After laying low for a while, Barkovsky decided to commit crimes elsewhere. He bought a used Lada and periodically travelled to the villages of Rogozhkino and Kazachiy Yerik, near Azov, where he normally went fishing. Along the road connecting the two locations, there was a bar where young people often gathered and partied at a nearby farm, and knowing this, Barkovsky decided that this would be his new hunting grounds. In July 2009, he abducted a local woman from Kazachiy Yerik and dragged her to a nearby grove, where he stripped the victim of her clothing and raped her. Since she didn't resist, Barkovsky spared her life, leaving in his car after the act. Frightened, the woman told her husband, but they were reluctant to notify the police, as they were afraid of being stigmatized.

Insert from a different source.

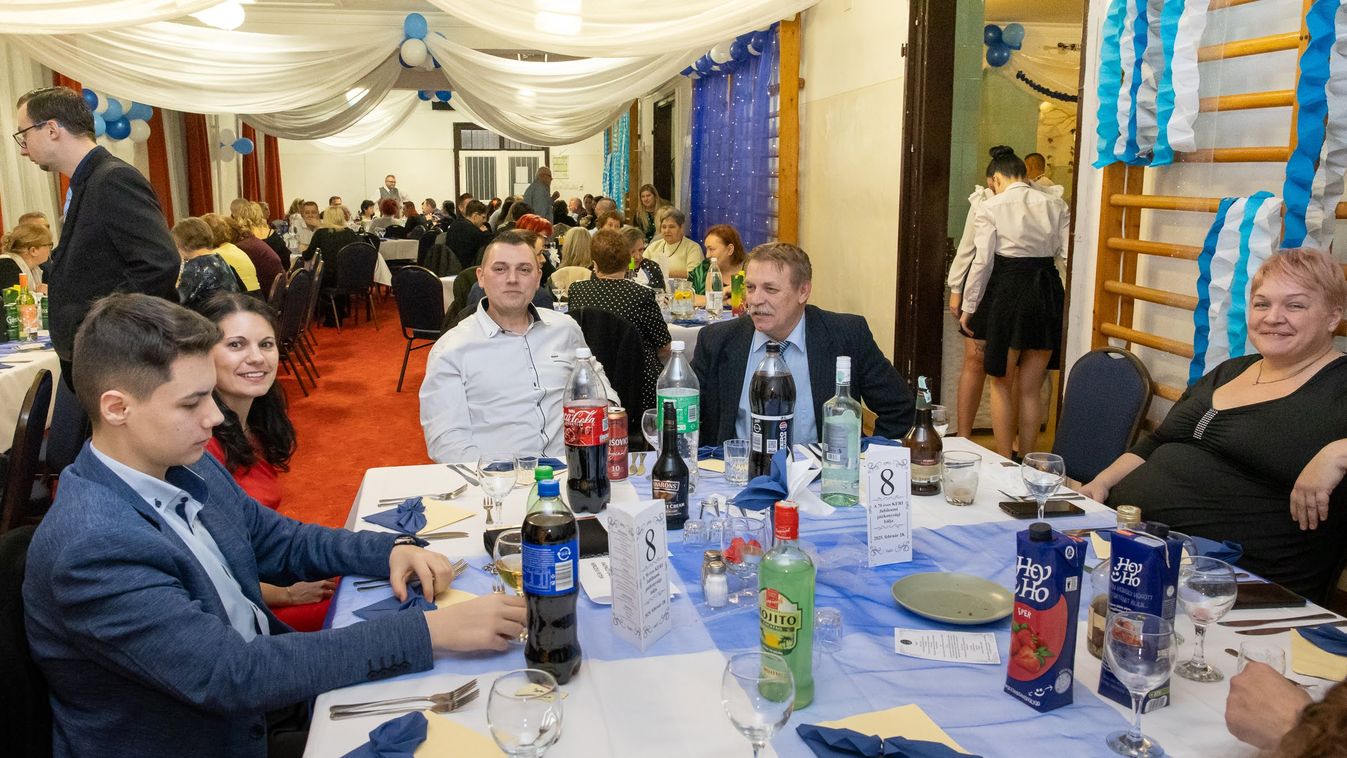 Angolos elegancia ragyogja be a báltermet a salgótarjáni középiskola...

In August, a young local girl named Elena also disappeared while walking along the route in Kazachiy Yerik, in a remarkably similar fashion to how the surviving victim was abducted. After prolonged searches, her naked body was found hastily buried in a field. She too had been beaten, raped and sexually assaulted before death. Barkovsky had likely killed her elsewhere, and later transported the body in the trunk of his car.

==Arrest, trial and imprisonment==
Unbeknownst to the killer, a trio of local farmers had paid close attention to the car that Elena was last seen boarding, even remembering that the license plate ended in 011. Soon after, Barkovsky was detained at a traffic stop for marijuana possession and held for questioning, and when the news of a detained suspect was spread, the surviving rape victim finally came forward and positively identified him as her assailant. Despite his futile attempts to deny and shift the blame on his friends, Barkovsky's alibi was proven to be fake, with semen traces from him also located on the corpses.

At his trial, during which his young son was present, it took the judge less than half an hour to announce a guilty verdict. Much to the dismay of the victims' families, he was given a sentence of 24 years and 7 months imprisonment, of which the first seven he would spend at a prison colony and later a maximum security penal colony.

===Link to 2008 murder===
In 2016, as a result of examining cold case murders in Rostov-on-Don and the surrounding areas, investigators connected Barkovksy to an unsolved rape-murder that took place in the city. On the night of March 1–2, 2008, he came across a woman walking home on the street, whom he grabbed, violated and then transported to the Nightingale Grove, where he proceeded to strangle the victim to death.